_Dataset excerpts_
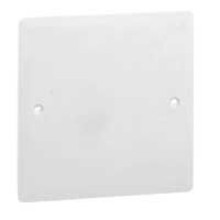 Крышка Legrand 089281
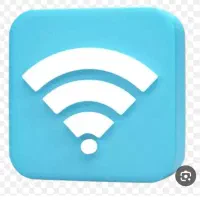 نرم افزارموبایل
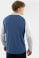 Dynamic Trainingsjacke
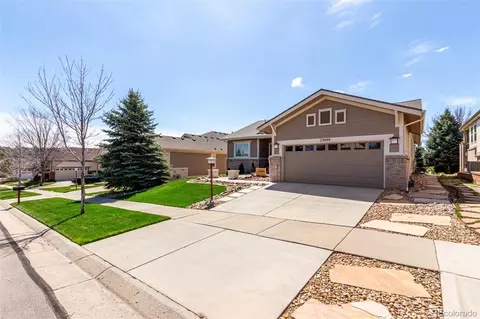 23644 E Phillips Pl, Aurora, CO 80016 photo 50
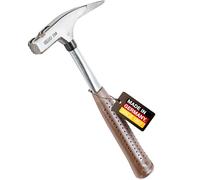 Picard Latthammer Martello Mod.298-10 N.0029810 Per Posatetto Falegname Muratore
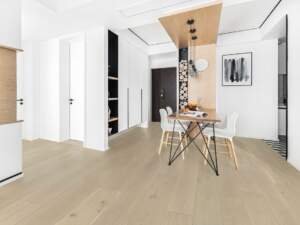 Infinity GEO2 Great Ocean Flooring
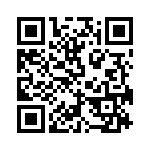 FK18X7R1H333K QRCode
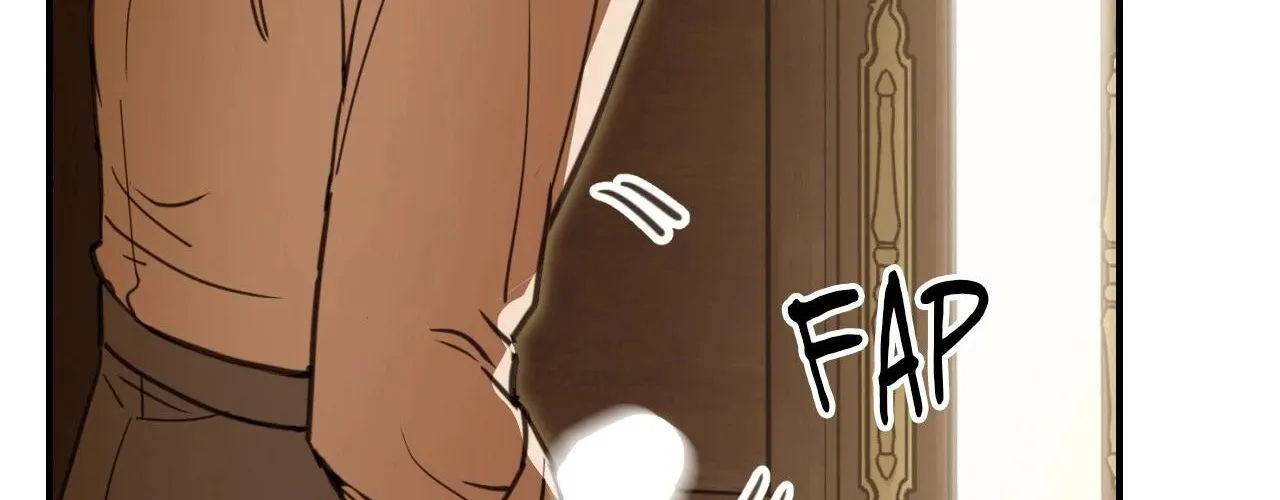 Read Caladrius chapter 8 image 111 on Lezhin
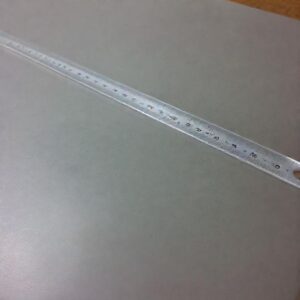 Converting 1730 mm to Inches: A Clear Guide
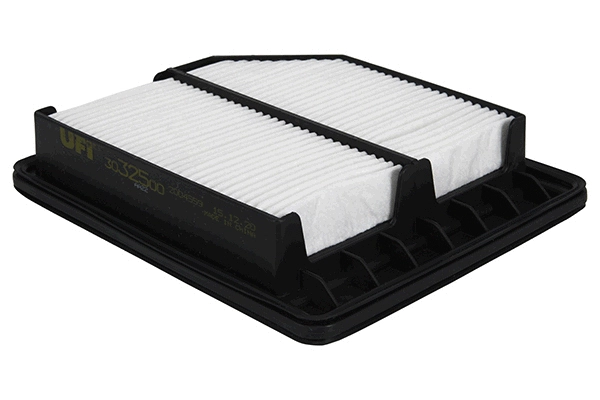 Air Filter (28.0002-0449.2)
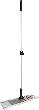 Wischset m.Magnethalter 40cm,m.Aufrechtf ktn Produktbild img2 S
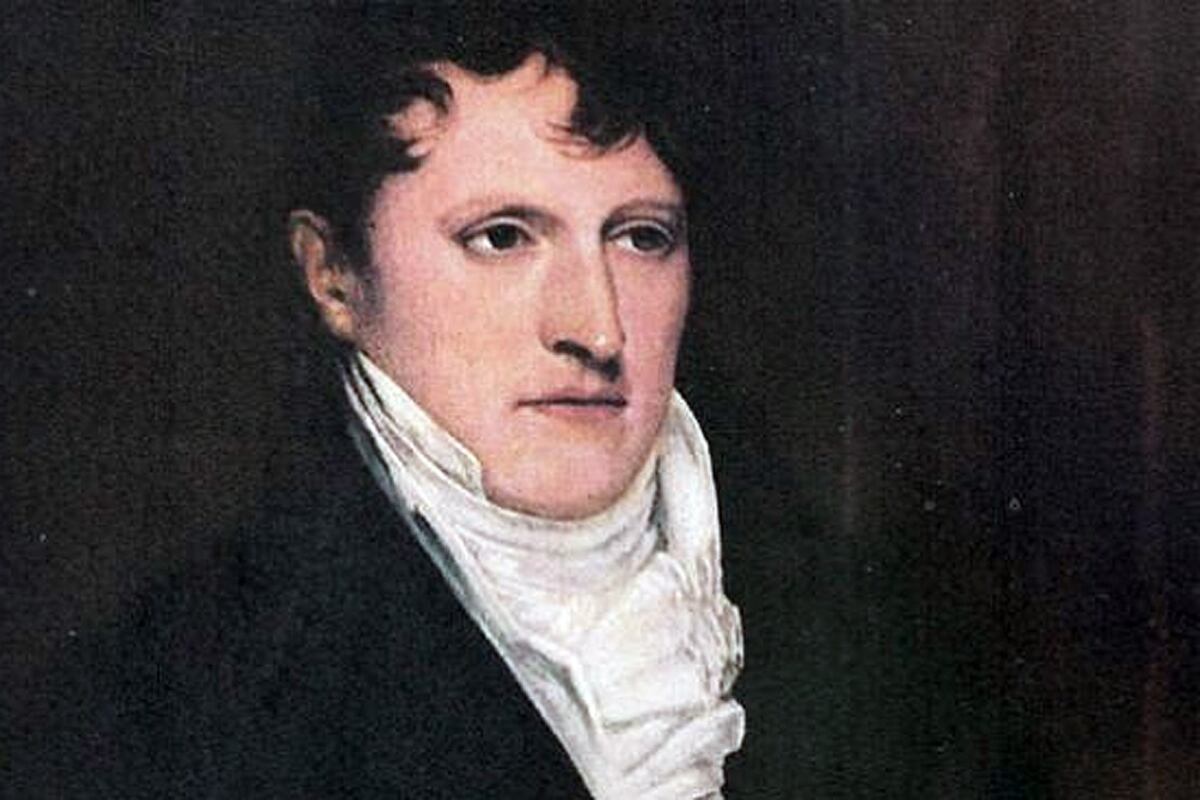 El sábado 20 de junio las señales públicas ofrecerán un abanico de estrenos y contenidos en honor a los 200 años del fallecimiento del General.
---
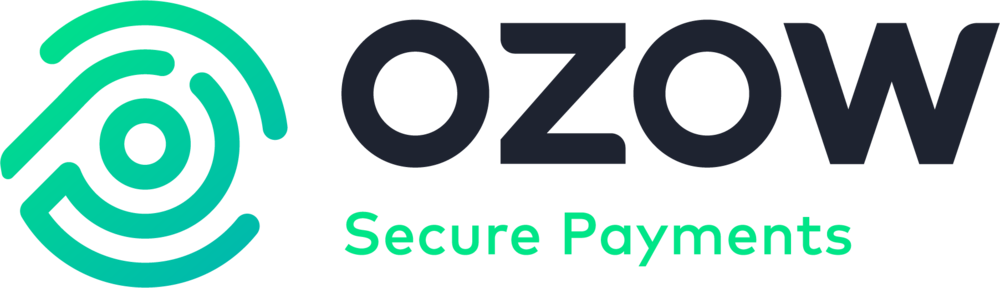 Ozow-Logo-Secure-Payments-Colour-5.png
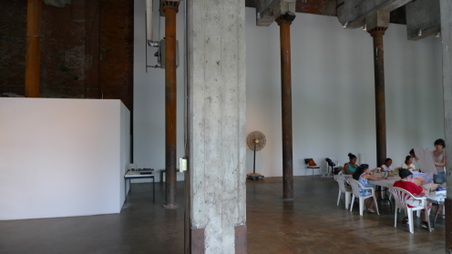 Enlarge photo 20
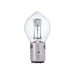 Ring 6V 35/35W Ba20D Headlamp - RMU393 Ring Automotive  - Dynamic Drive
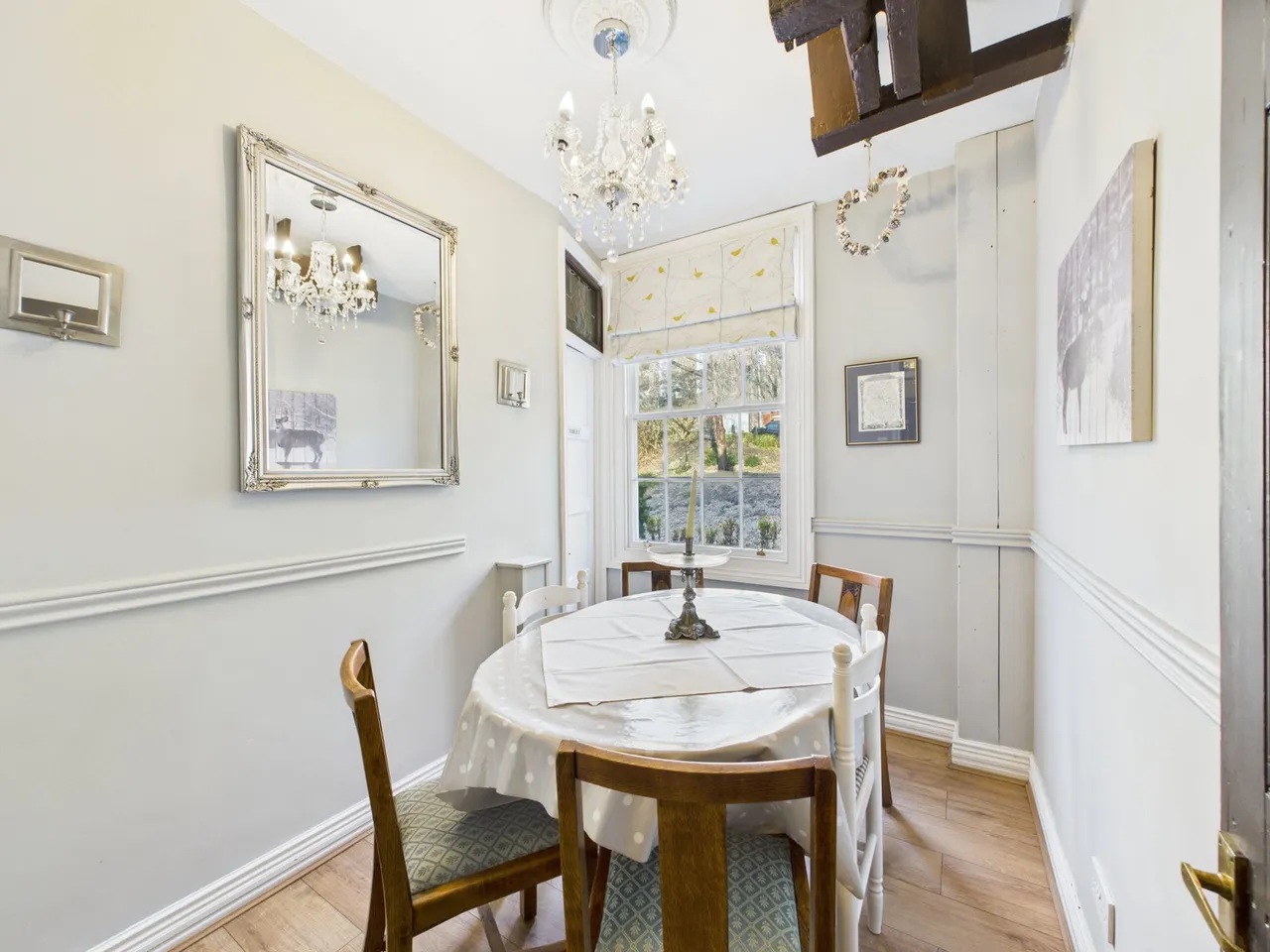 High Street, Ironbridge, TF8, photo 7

_Your goal_
Repeat only the stretch of data above that runs from the line with "Ring 6V 35/35W" to the line with "High Street, Ironbridge, TF8, photo 7". Keep both end lines; exclude pictures.

_Problem solution_
 Ring 6V 35/35W Ba20D Headlamp - RMU393 Ring Automotive  - Dynamic Drive
 High Street, Ironbridge, TF8, photo 7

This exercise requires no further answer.